La question est aujourd’hui scindée en deux parties. Il semble acquis qu’un gel soit accepté par l’Ukraine en ce qui concerne les territoires occupés par les Russes. En revanche, le débat se focalise sur les territoires non conquis. Moscou se déclare déterminé à les conquérir par la force si nécessaire et propose un échange avec les territoires occupés dans d’autres régions, ce que Kyiv rejette catégoriquement. L’idée d’une zone démilitarisée pourrait offrir une piste qui sera probablement rejetée par Moscou cette fois-ci.

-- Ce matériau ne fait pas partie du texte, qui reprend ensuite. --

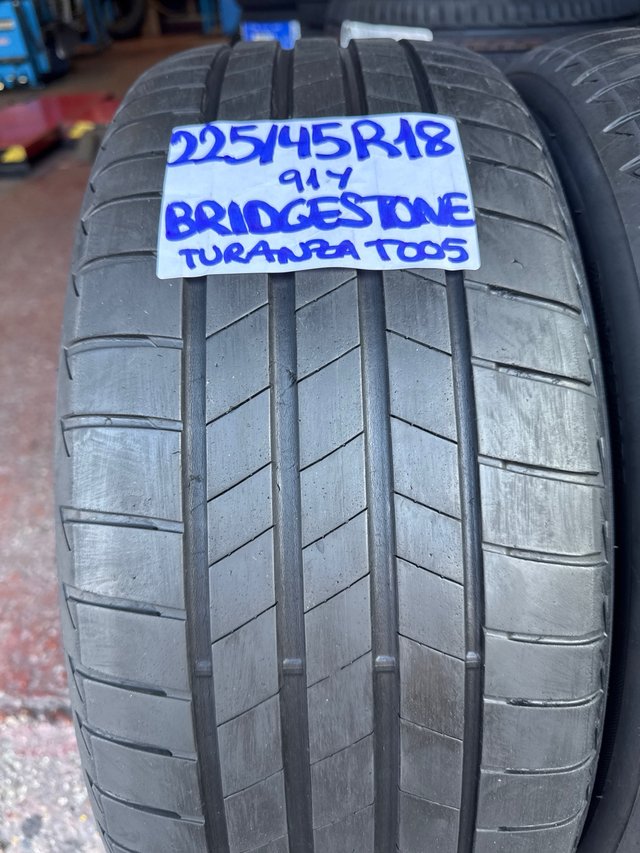 2 Neumáticos 225/45R18 BRIDGESTONE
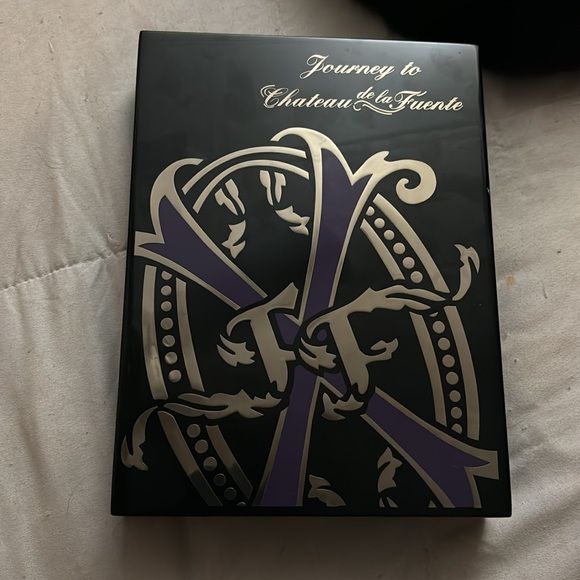 Arturo Fuente Opus 6 empty cigar box / humidor - Picture 5 of 6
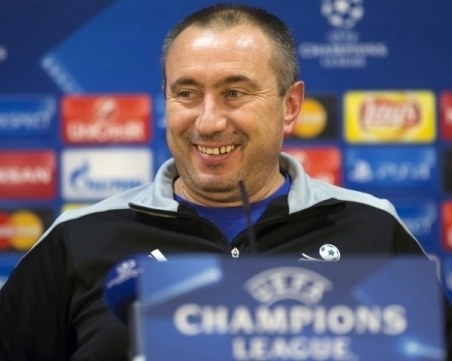 Обрат: Мъри Стоилов остава в Астана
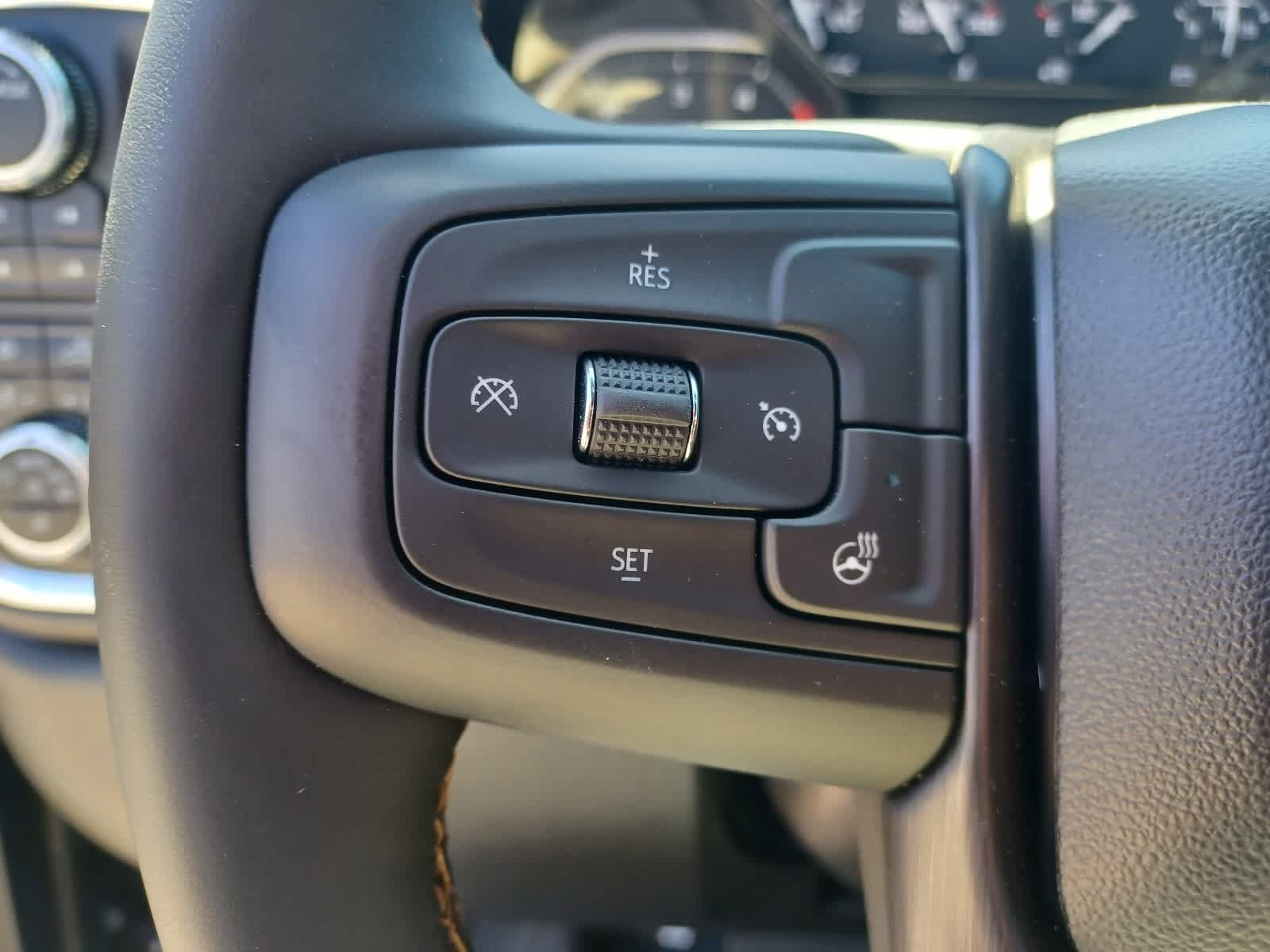Used 2023 GMC Sierra 2500 AT4 AWD/4WD image 15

Cependant, ces territoires font partie intégrante de l’Ukraine en 1991 lors de son indépendance. Une cession, sous quelque forme que ce soit, sera une reconnaissance du fait accompli justifié par le principe de réalité. Il convient de relever que nombreux ont été les découpages de territoires en Europe même. Ainsi, en 1945, la Pologne, pays agressé par l’Allemagne nazie, a dû céder d’importants territoires à l’Est, au profit de la Lituanie dont la capitale Vilnius, n’était autre que la ville polonaise de Wilno, de la Biélorussie et de l’Ukraine, la Galicie notamment et la ville de Lviv en particulier. De même, l’Allemagne a dû céder d’importants territoires en compensation à la Pologne et reconnaître formellement, lors de sa réunification, ligne Oder-Neisse comme sa frontière orientale intangible. L’appartenance formelle à l’Ukraine de ces territoires contestés depuis 35 ans représente peut-être une période courte au regard de l’histoire… D’autres concessions sont également attendues comme la limitation des forces armées ukrainiennes et l’interdiction de rentrer dans l’Otan, en particulier.

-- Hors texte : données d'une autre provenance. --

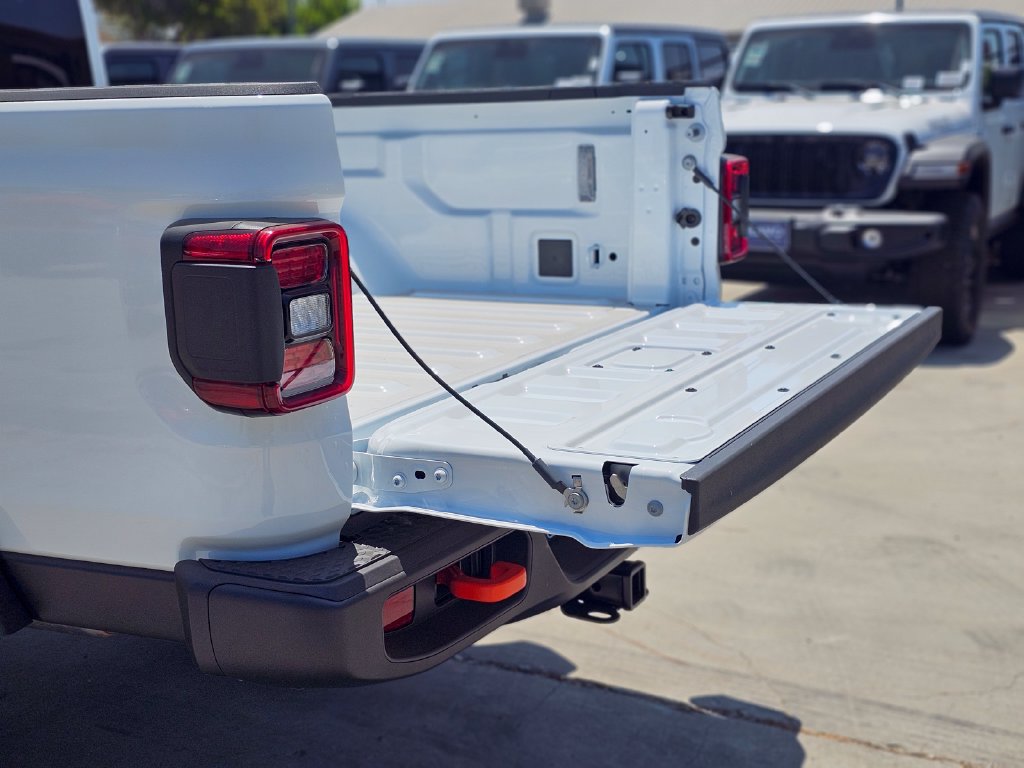 New 2026 Jeep Gladiator Mojave AWD/4WD image 9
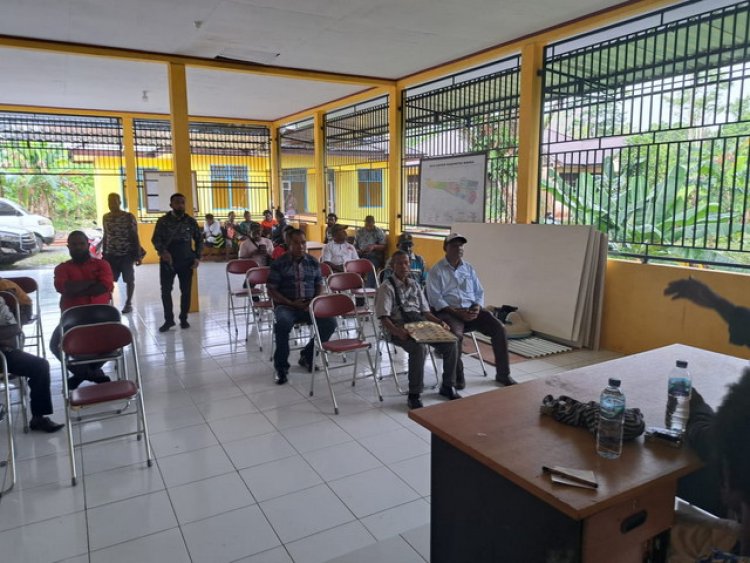 Babinsa Koramil 1710-03/Kuala Kencana Bantu Mediasi Penyelesaian Permasalahan Warga Binaan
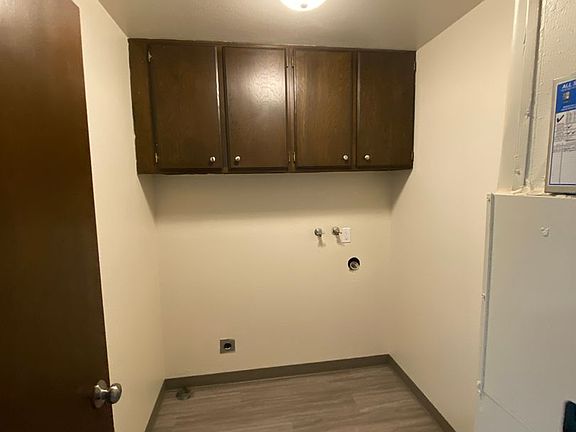 3rd image of 1012 Cornell Ave APT 17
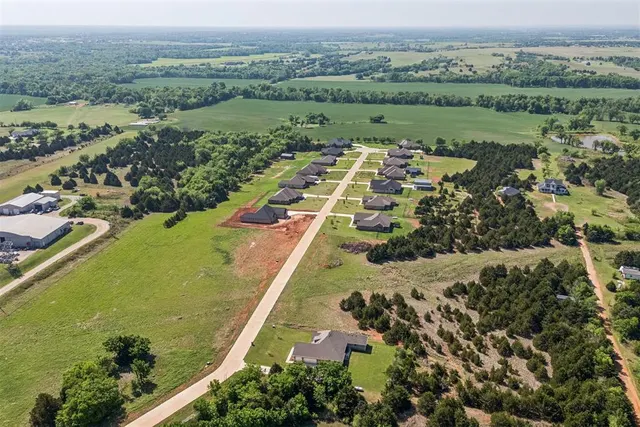 Photo 5 — 9525 Regado Court, Guthrie, OK 73044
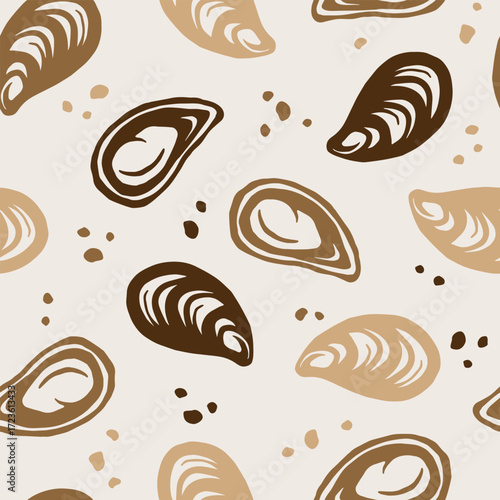 Oyster Mussels shells seamless pattern. Vector illustration. Retro line drawing background for menu design, seafood restaurant icon. Sea clam, beach food sketch. Vintage italian gourmet dinner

Si la situation paraît propice pour parvenir à une suspension des hostilités, elle n’est pas dénuée de risques pour Kyiv. L’Ukraine est en position particulièrement délicate, voire de faiblesse, à la suite du scandale de corruption qui touche l’entourage immédiat du Président. Sur le front, son armée, tout en résistant admirablement et vaillamment, est manifestement un peu à la peine. Le front n’a pas craqué, mais le doute peut être mauvais conseiller. De son côté, l’entourage du Président russe peut se tromper en faisant miroiter une percée prochaine du front. À l’inverse, le cercle du Président ukrainien pourrait minimiser les réalités de terrain. C’est donc dans cette incertitude que se trouvent les négociateurs.

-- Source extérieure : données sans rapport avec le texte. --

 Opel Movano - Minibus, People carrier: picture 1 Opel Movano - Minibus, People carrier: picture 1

Le danger dans la précipitation de la négociation telle qu’elle se présente aujourd’hui serait une double peine pour l’Ukraine qui pourrait concéder des territoires, de facto ou de jure, contre des garanties de sécurité insuffisantes comme en 1994. Le problème réside dans ce contexte non pas seulement en Russie avec ses exigences mais également aux États-Unis mêmes qui se refusent, tout comme dans le cadre du mémorandum de Budapest de 1994, d’accorder des garanties de sécurité sérieuses et contraignantes. Le risque pour l’Ukraine est de se faire à nouveau imposer un simple habillage n’engageant pas réellement les États-Unis.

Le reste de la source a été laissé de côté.